══ RECORDED INFORMATION

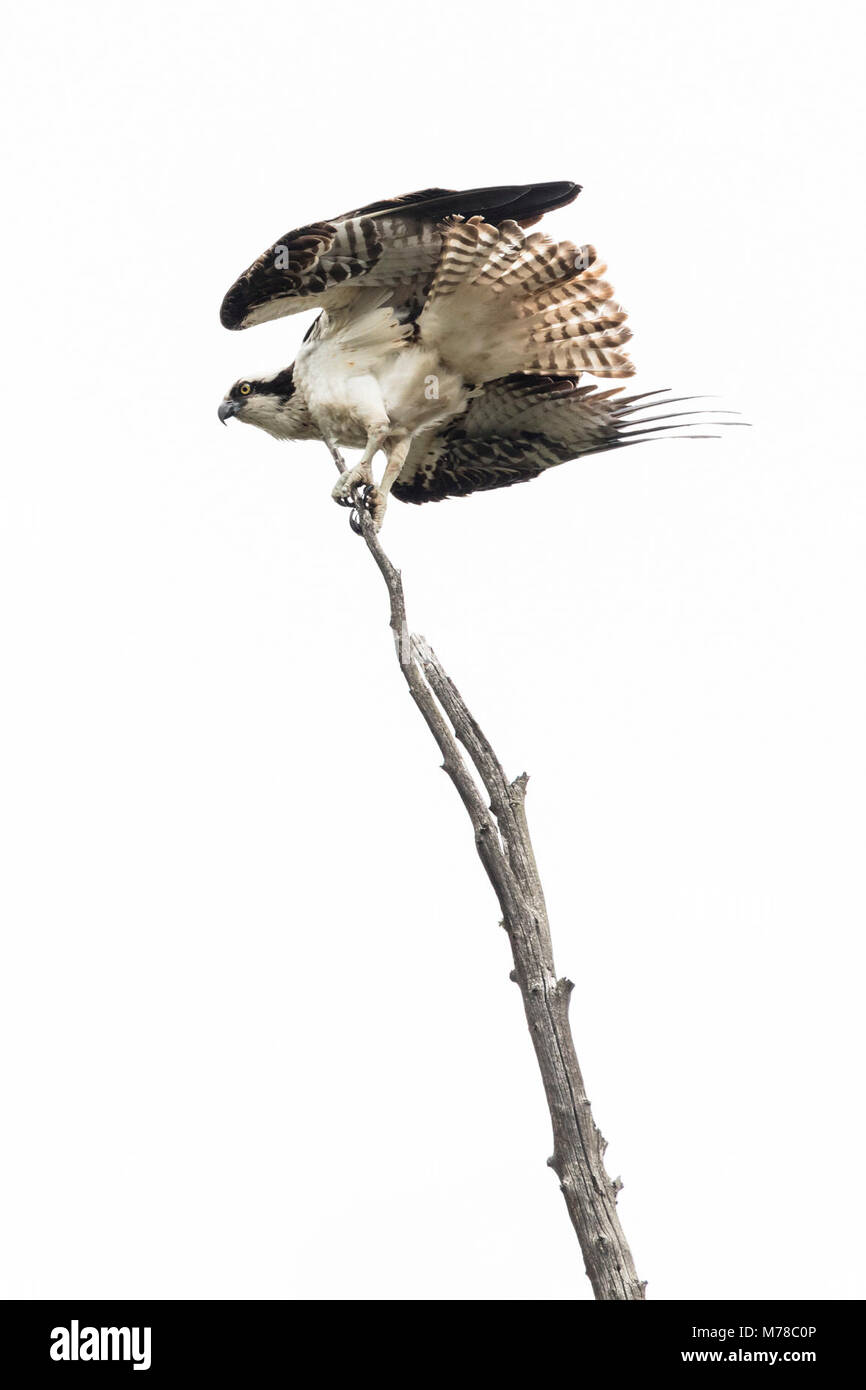 El águila pescadora (Pandion haliaetus. Foto de stock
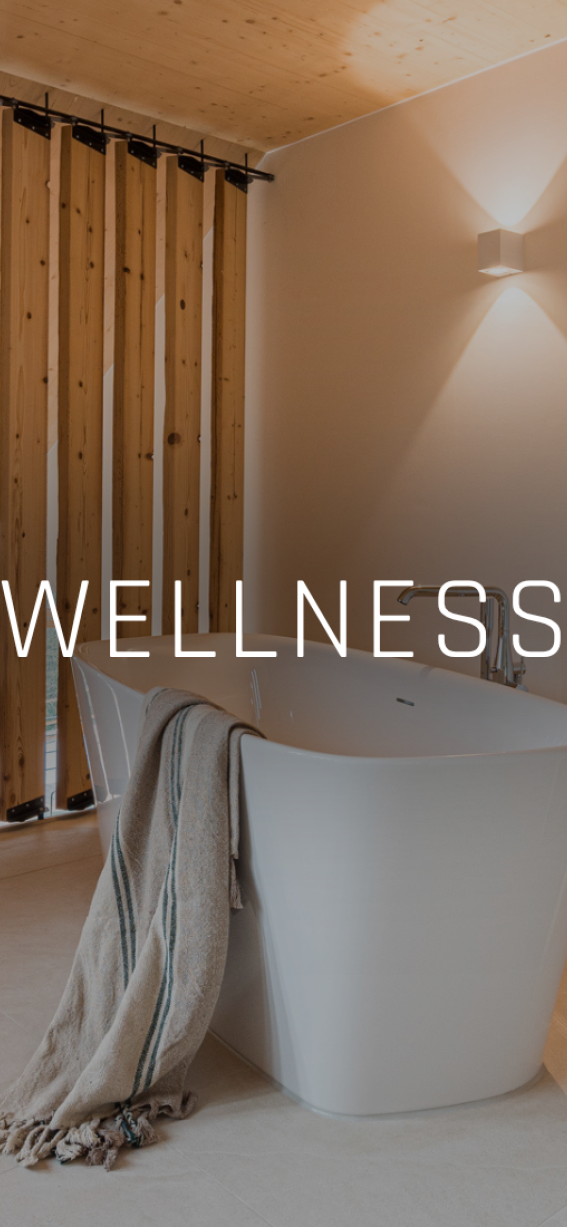 Header Wellness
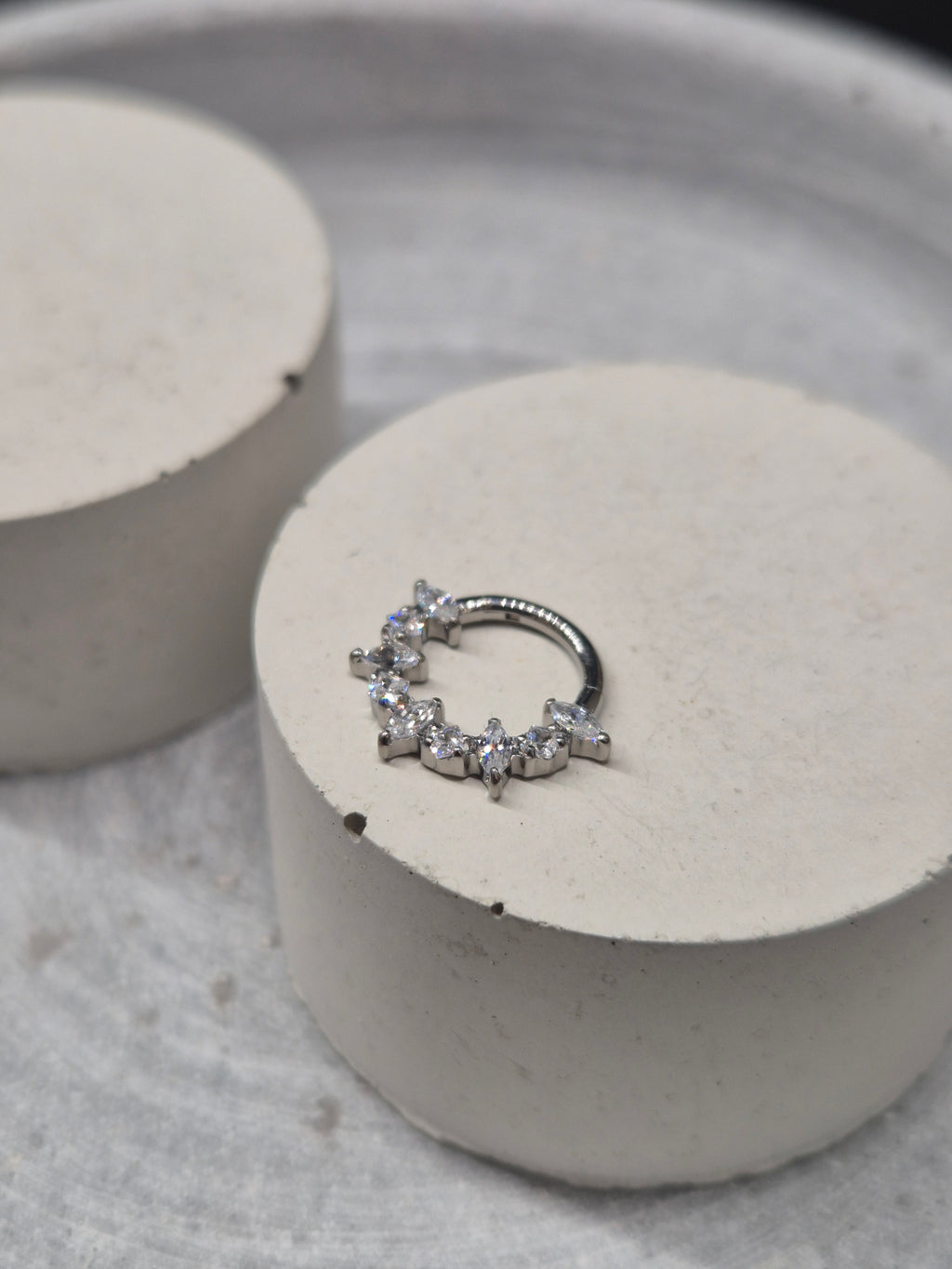 Hinged segment ring 34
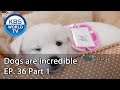 Dogs are incredible | 개는 훌륭하다 EP.36 Part 1 [SUB : ENG,CHN/2020.07.29]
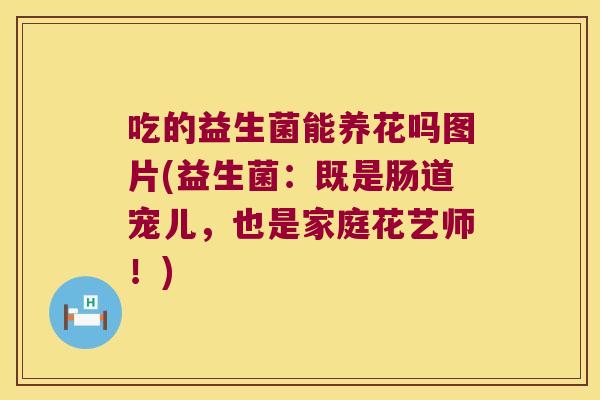 吃的益生菌能养花吗图片(益生菌：既是肠道宠儿，也是家庭花艺师！)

════

* _EXERCISE OBJECTIVE_:
Your answer must be the lines from the one holding "Header Wellness" through the final line of the records above, exactly as written and without any pictures.

* _EXPECTED ANSWER_:
 Header Wellness
 Hinged segment ring 34
 Dogs are incredible | 개는 훌륭하다 EP.36 Part 1 [SUB : ENG,CHN/2020.07.29]
 吃的益生菌能养花吗图片(益生菌：既是肠道宠儿，也是家庭花艺师！)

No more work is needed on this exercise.